The area of present-day Taicheng Subdistrict has been continuously incorporated since 1499, when the area was incorporated as Xinning City (新宁城).

In 1891, the Presbyterian Church of America constructed a chapel on the main thoroughfare of Tai Xi Road, which was reconstructed in elegant red-brick in 1922 with a capacity of 300.

In 1906, under the oversight of Chin Gee Hee, the Sun Ning Railway Company began building a railway to connect Sunning (Xinning) County to its northern and southern neighbors. On March 1, 1909, the Sunning Railway Station (新寧鐵路總站) was opened in what is now the subdistrict. The rail line, which was completed in 1920, drew attention both domestically and internationally for being the first Chinese-funded and Chinese-constructed railroad in the world.

In 1907, the Tan Clan Middle School was founded east of the town, but is now surrounded by urban development. A new residential school is being constructed outside of the town to replace what is now a dilapidated and crowded structure.

In 1938, Xinning was designated the administrative center of Xinning County. The same year, the area's railway was ordered by the Nationalist Government to be destroyed to prevent the advance of invading Japanese troops. The Xinning Railway Station would subsequently be repurposed as a bus station.

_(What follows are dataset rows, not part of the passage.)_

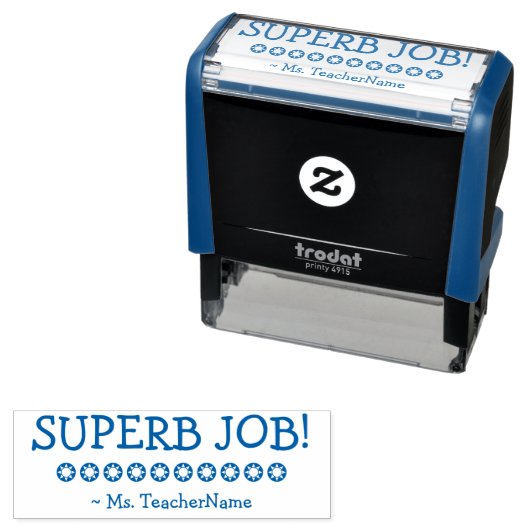 "FANTASTISCH WERK!" Tutor Rubber Stamp Zelfinktende Stempel (In situ)
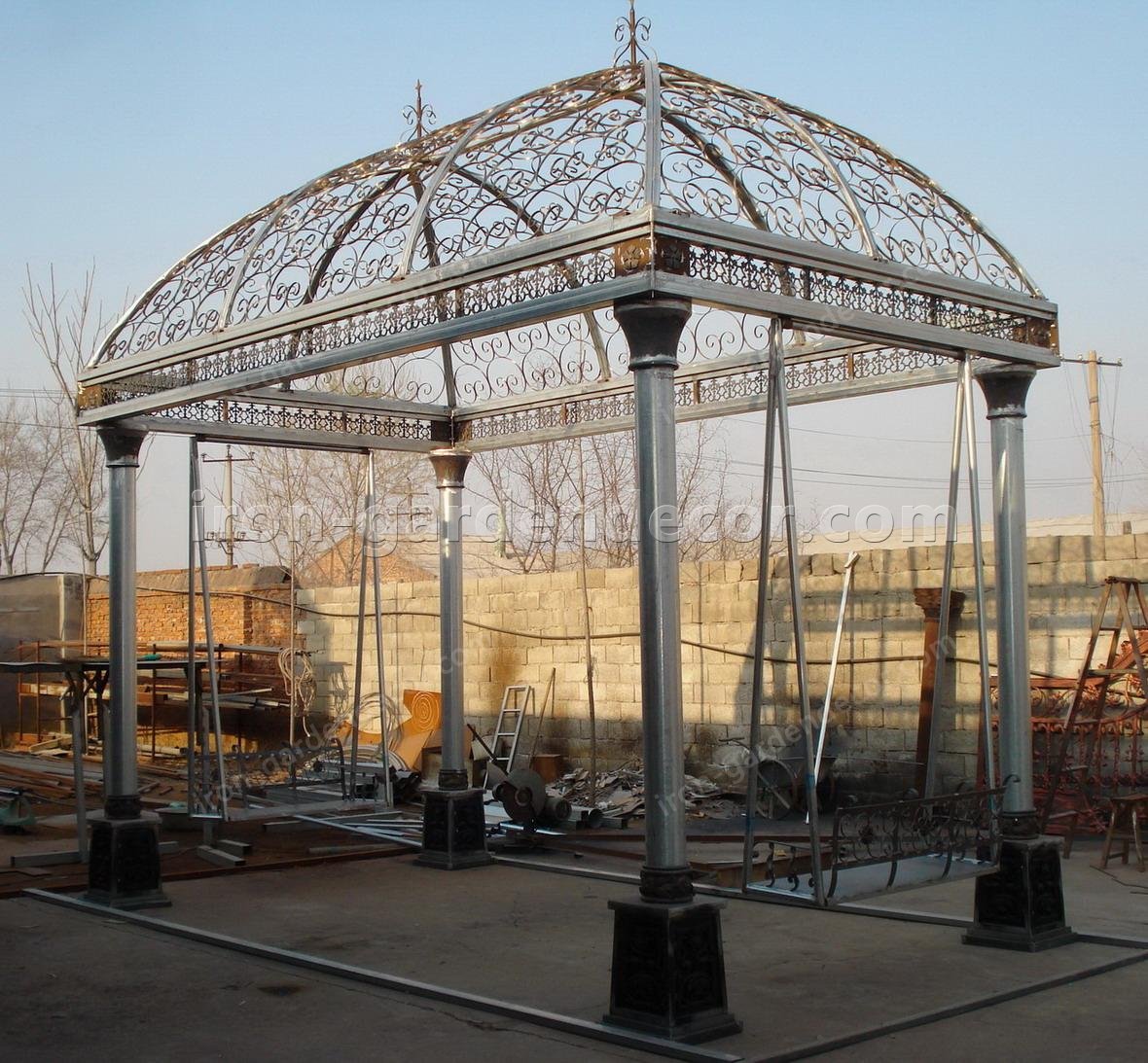 white outdoor gazebo with two chair,cast iron gazebo-Gazebo-Yard art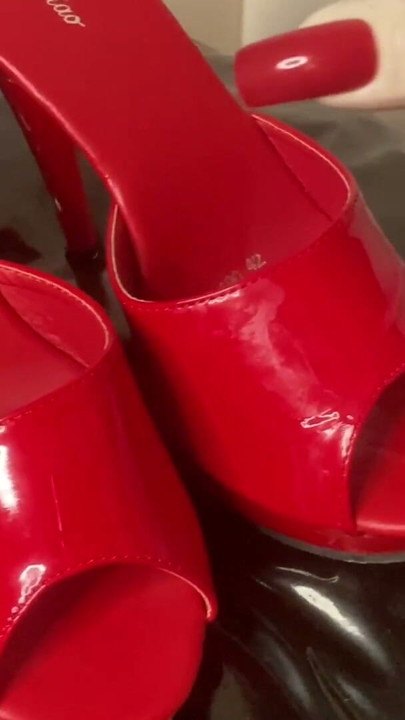 Cum on Red High Heel Mules | Clip 1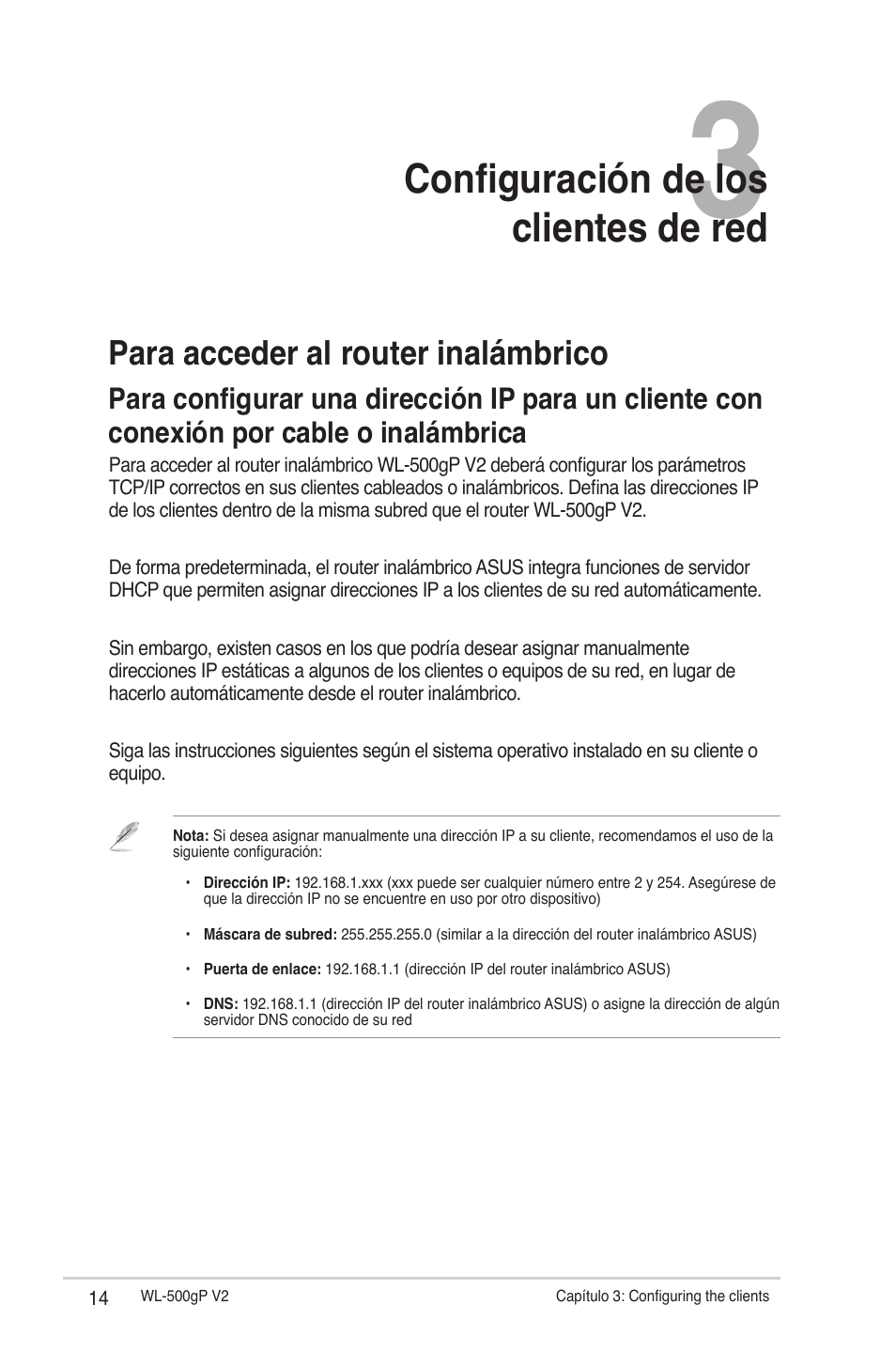 Configuración de los clientes de red, Para acceder al router inalámbrico | Asus WL-500gP V2 User Manual | Page 14 / 64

On March 3, 1941, Japanese troops from Doushan marched into Taicheng led by a Chinese traitor, and took the town in three hours. 282 people were killed, 534 stores and houses were burnt, and goods estimated at ¥3,600,000 were plundered. A week later the Nationalist Chinese Army retook the town, but were again forced out on September 20, 1941. Japanese troops remained in occupation until their unconditional surrender at the end of the war on August 15, 1945.

In 1949 more than 30,000 people gathered in Taishan Park to celebrate the Communist victory in the civil war against the armies of the Kuomintang (KMT) of Chiang Kai-shek. Upon the establishment of the People's Republic of China, Xinning City was renamed as Taicheng Town (台城镇 (臺城鎭)).

From 1958 to 1983, Taicheng was re-designated as a people's commune.

On August 11, 2006, Taicheng was upgraded from a town to a subdistrict.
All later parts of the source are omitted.